Hannah has been a paramedic for about a decade. He said he's bothered when he hears someone say they don't think paramedics care — and are only there because it's their job.

Hannah says the paramedics he works with are passionate about what they do. (Pat Martel/CBC)

"We generally do care. We're not doing this for the money or for the fame," he said. "Genuinely people doing this line of work are in this because they genuinely love helping people."

4. It's not all accidents and trauma

Noel said when people think of paramedics, they often think of crashes and other traumatic incidents.

"When people think of paramedics they think you're getting in a truck and you're driving a million miles an hour to a car accident and then you're driving to the hospital as fast as you can," she said, adding that while she does attend motor vehicle accidents and other traumas, she said a lot of her time is spent in the community.

In addition to emergency calls, paramedics also do a lot of work in the community, says Noel. (Pat Martel/CBC)

"We do a lot of chronic health conditions, we do a lot of work with seniors … we go to a lot of palliative patients — all incredibly rewarding calls where you feel like you're really making a difference in these people's lives."

5. It's a changing profession

"It wasn't very long ago that … it was a ride in an ambulance — a very fast and unsafe drive to the hospital," said Hannah. "Now we're really focusing on bringing the emergency department to our patients."

Hannah cited the level of care paramedics are able to provide — including starting IVs, giving medications and fluid, and treating a variety of emergency conditions.

Noel was recently in Ottawa to lobby on behalf of paramedics. (Submitted by Holly Noel)

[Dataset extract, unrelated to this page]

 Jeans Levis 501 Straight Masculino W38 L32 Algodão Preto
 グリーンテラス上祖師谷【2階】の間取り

"It's a profession that's evolving and it's evolved so much and it's evolved so fast," said Noel.

She cited other provinces where paramedics do wellness checks, mental health visits and support to known high-risk drug users — all things she would like to see in P.E.I.

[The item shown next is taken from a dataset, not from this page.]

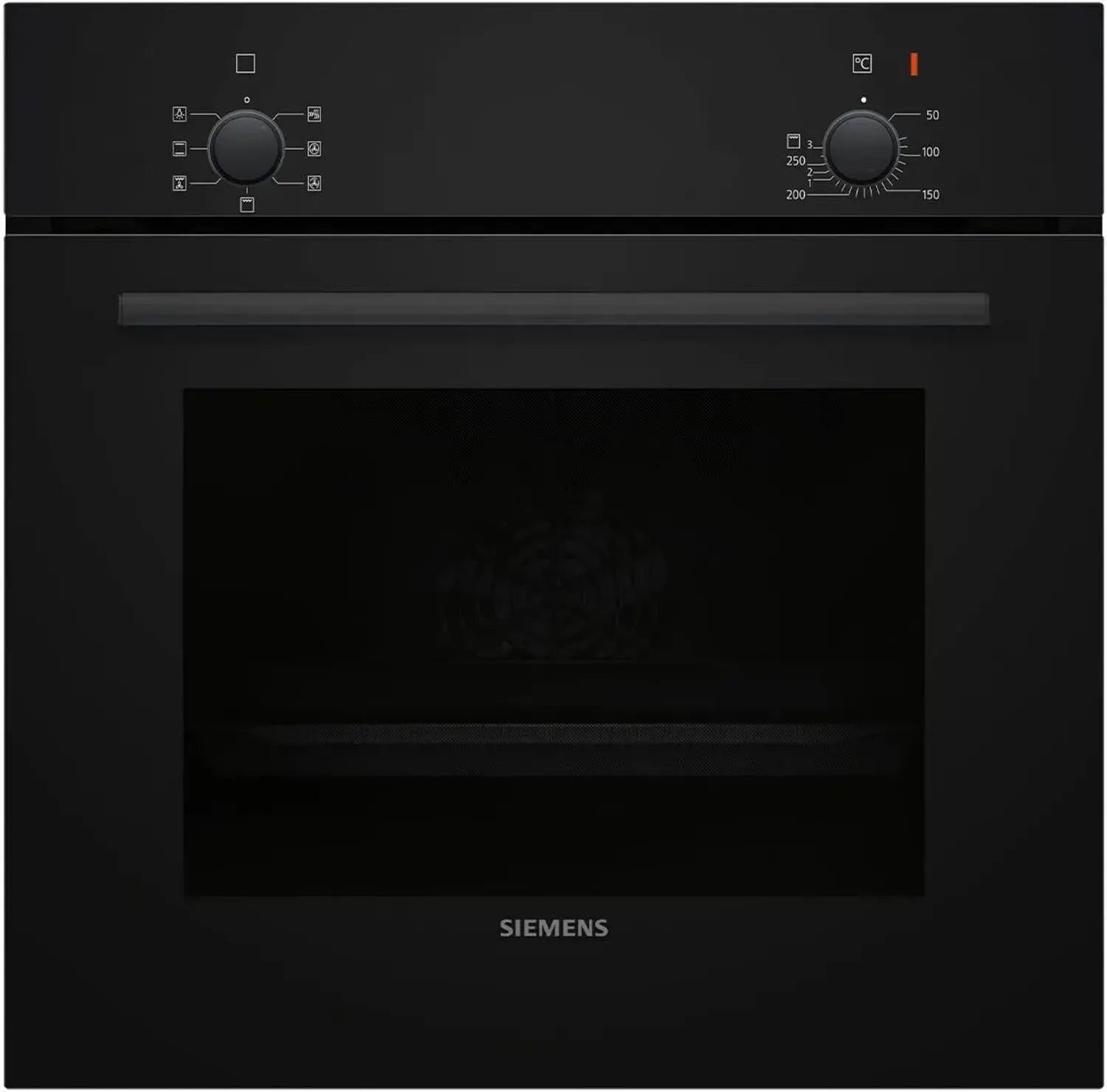 Siemens Einbau-Backofen HB010FBA1 Schwarz, Energieeffizienzklasse A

"It changes and it's just increasing in leaps and bounds, so I'm very excited to be a part of it," she said.

6. Don't hesitate to call

Both Hannah and Noel said they wished people knew more about the scope of what they do, in hopes that would lead them to call for help sooner or at all.

"They're like, 'No, I'll just drive my car when I'm having chest pains, to the hospital'. No, please don't do that. Please just call us. We'll start the wheels of emergency medicine the second that we hit your door," said Noel. 

"If we don't think you need to go to the hospital that day or this is an issue that can be handled by your family doctor, we'll tell you that," she said.

The profession is changing quickly, said Hannah and Noel, and paramedics are able to provide a high level of emergency care before a patient reaches the hospital. (Pat Martel/CBC)

Hannah said that he hears a lot of situations where people have a family member drive them instead.

"I think that if people really understood that getting an ambulance in five minutes may give you a lot of access to a lot of that care that a person needs, I think it would really help the people that we provide for," he said.

Noel added that if a patient decides they don't want to go to hospital, they don't have to.

7. Don't call them ambulance drivers

"There's two words that make every paramedic cringe and it's 'ambulance driver,'" said Hannah. "Driving the ambulance is only the tip of the iceberg."

He said he cringes because the term doesn't acknowledge how "highly skilled and dedicated our paramedics are on P.E.I."

Yes, paramedics sometimes drive the ambulance, but don't call them 'ambulance drivers.' (Pat Martel/CBC)

Noel said she usually sees it as an opportunity to educate others.

"I'm pretty easygoing … I'm not going to get offended if someone calls me an ambulance driver, unless they're doing it to be insulting," she said. "The more that we can let people know that, 'I'm a paramedic, this is a profession' … I'll let people know."